Thankfully, Forbes also makes the mistake of citing their sources. Let's check to see where this hyperlink goes:
SidSavara. I've never heard of this site, but the About section tells me that Sid is "a technology leader who empowers teams to grow into their best selves. He is a life-long learner enjoys developing software, leading teams in delivering mission critical projects, playing guitar and watching football and basketball."
That doesn't mean anything. What are his LinkedIn credentials? With the caveat that anyone can lie on Linkedin, Mr. Savara appears to be a Software Engineer. Which is fine! I'm glad software engineers exist! But Sid's got nothing in his professional history which suggests he knows shit about finance. So I'm already pretty skeptical of his website, which is increasingly looking like a personal fart-huffing blog.
The article itself repeats the credulous claim made in the Forbes story earlier, but this time, provides no link for the 3% story. Mr. Savara is smarter than his colleages at Forbes, it's much wiser to just make shit up.

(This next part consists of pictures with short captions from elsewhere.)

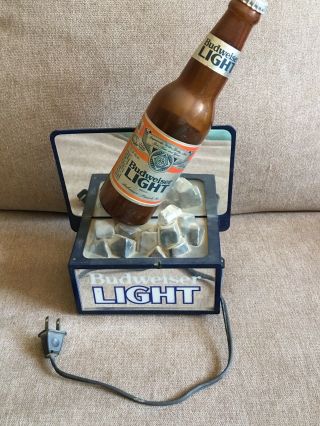 Vintage Budweiser Orange Light Lighted Ice Bar Sign Item 801 - 027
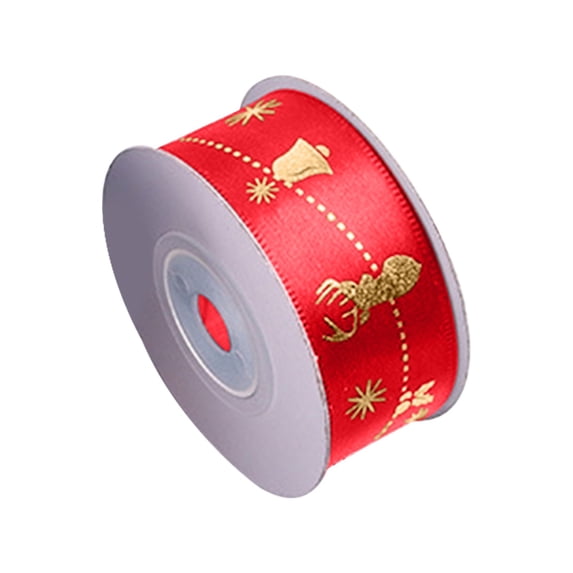 YIKA Christmas Ribbon Stamping 0.98in Red And Green Polyester Gift Packaging Bow Color Christmas Christmas Bows And Ribbons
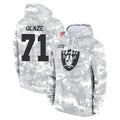 Seanshop LV.Raiders #71 DJ Glaze Player Arctic Camo Salute to Service Hoodies Limited Game Stitched Jerseys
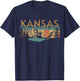 Kansas USA Outdoor Vintage Kansas Black Small Short Sleeve -Adults, -Kids Retro Sunset Vintage Design T-Shirt - T-Shirt | Navy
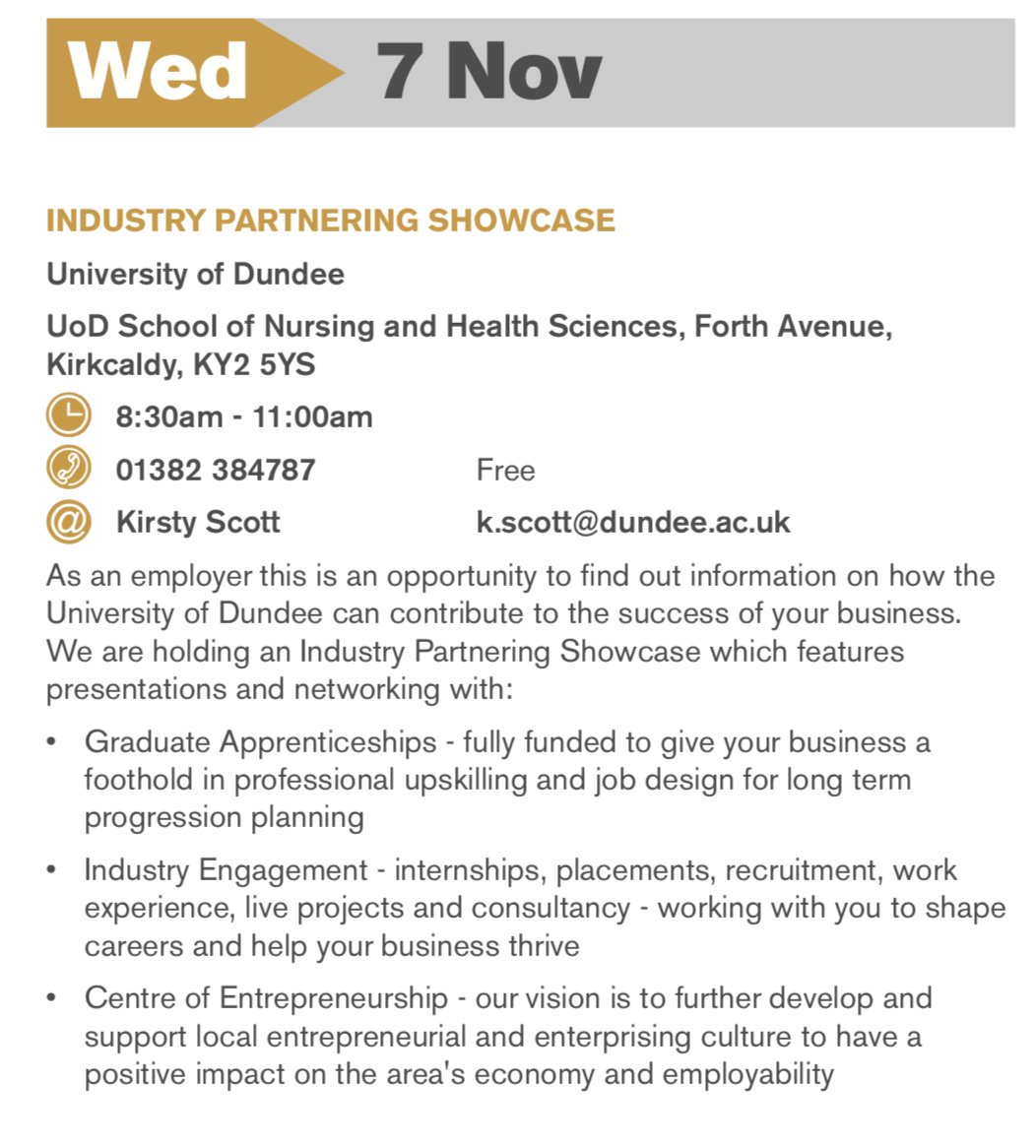GA_Dundee's tweet photo. We are going to be presenting at the Fife Business Week in November as part of the Industry Showcase for Employers. Come join us for bacon butties and a chat! https://t.co/pkCo2aDncx #FBWeek2018 https://t.co/KoSLzsdlm7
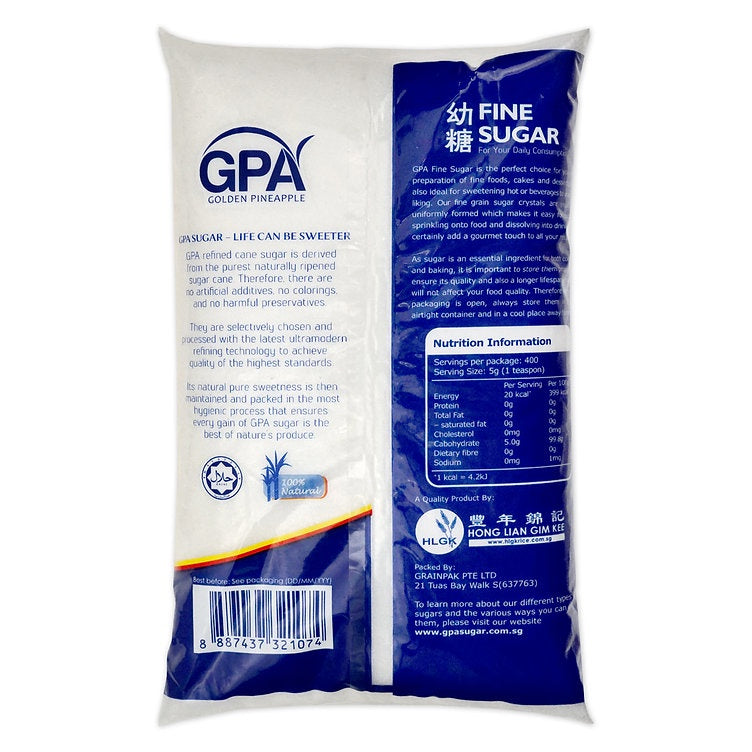 GPA Fine Sugar 2kg  - 100% Natural Fine Cane Sugar
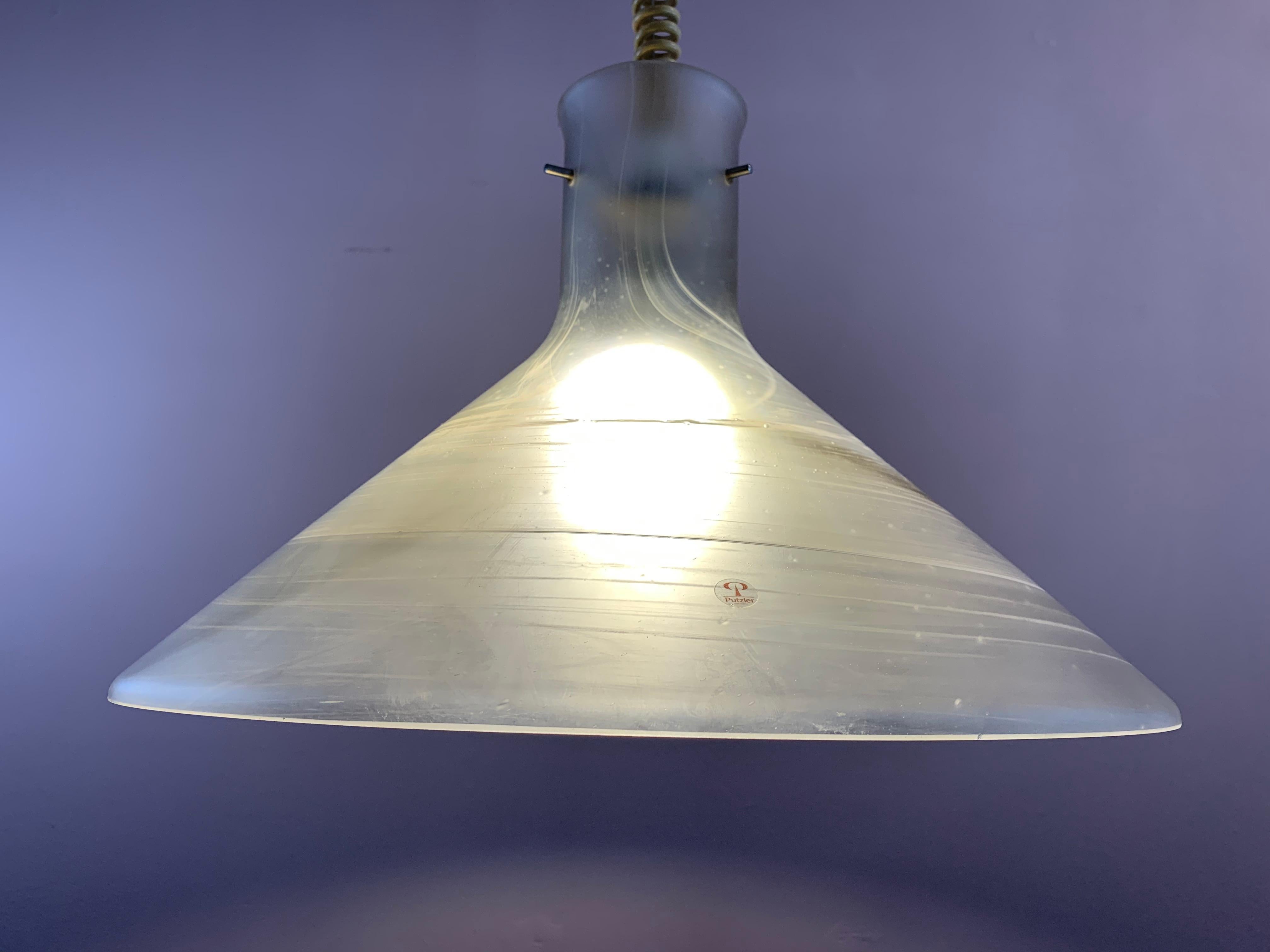 String 1970s German Peill & Putzler Conical Pulldown Opaque Glass Ceiling Hanging Light For Sale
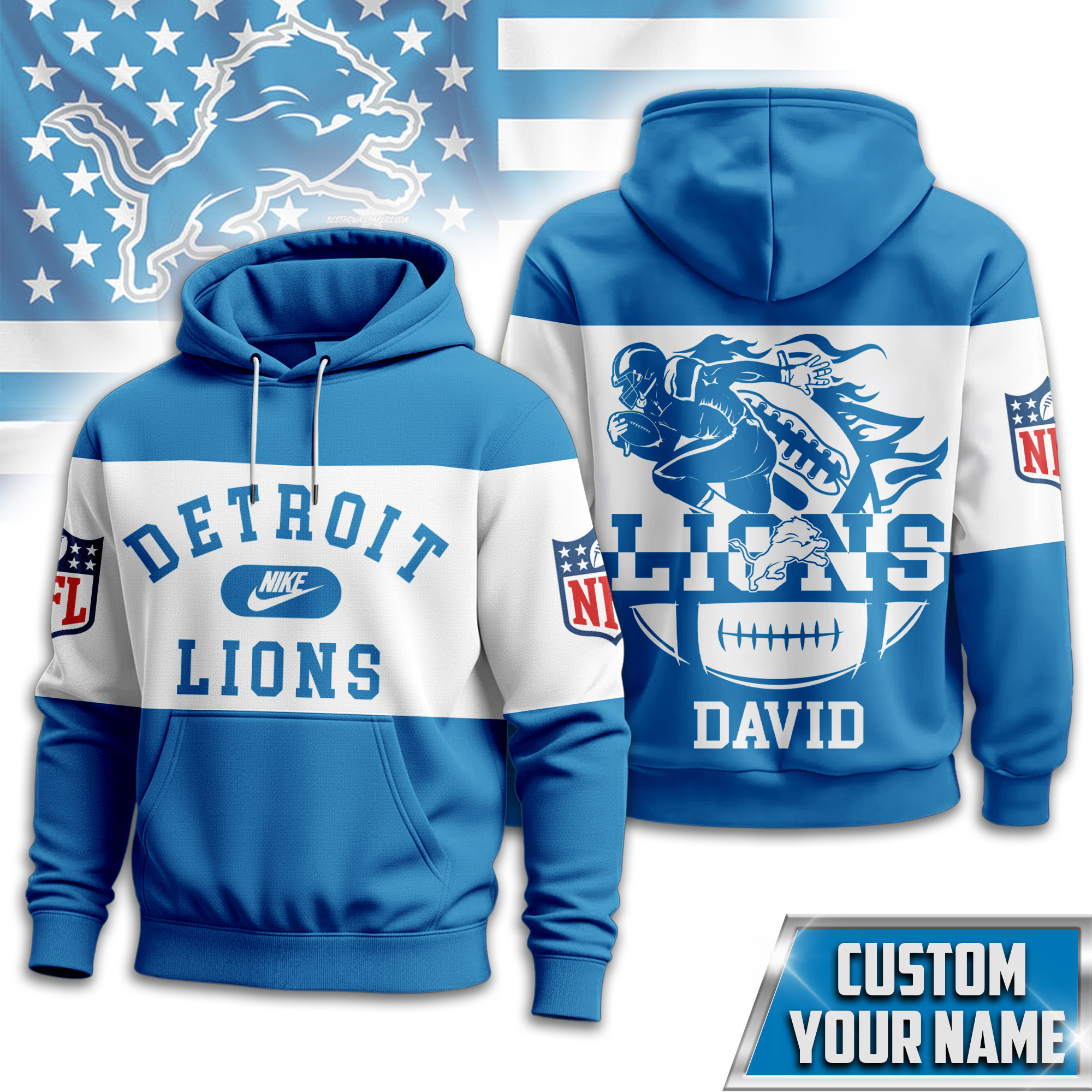 Detroit Lions | Premium NFL Touchdown Spirit Personalized Hoodie TD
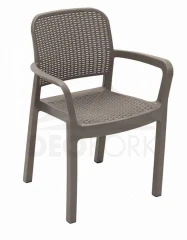 Zahradní plastové křeslo KARA (cappuccino)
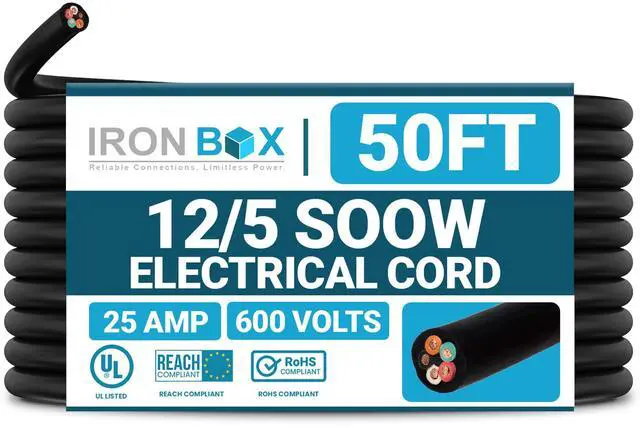 Main image of IronBox Electric - 12/5 Bulk Cable - SOOW Jacket - 12 Gauge,5 Wire - Rated for 600V,25A - Water & Oil Resistant Cable for Indoor/Outdoor Use - Ideal for Generators, Circuits & Data Centers (50 feet)
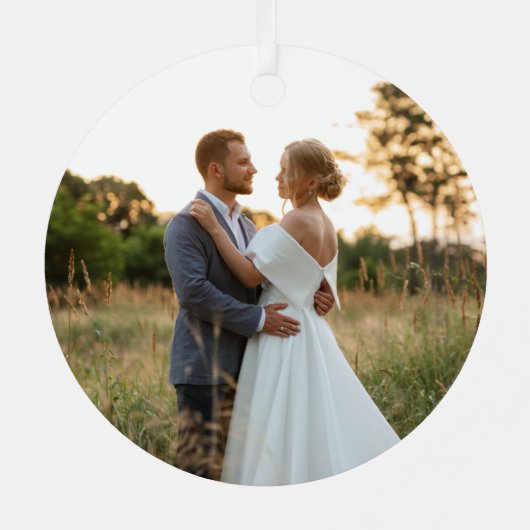 キラキラ輝くゴールドフォイル第1回クリスマスフォト メタルオーナメント (裏面)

HOWEVER. I am not the first person to have followed this rabbit hole. Because at the very top of this article, there is a disclaimer.
Uh oh!
Sid's been called out before, and in the follow up to this article, he reveals the truth.
You can guess where this is going.
So to go back to the VERY beginning of this post, both Pocket/Good Housekeeping and Forbes failed to do even the most basic of research, taking the wild claim that writing down your budget may increase your income by 10x on good faith and the word of a(n admittedly honest about his shortcomings) software engineer.
Why did I spend 30 minutes to make a tumblr post about this? Mostly to show off how smart I am, but also to remind folks of just how flimsy any claim on the internet can be. Click those links, follow those sources, and when the sources stop linking, ask why.
#long post#side note- this is one of the reasons i dont cover shit i dont like in my video essays. yall havent seen me angry.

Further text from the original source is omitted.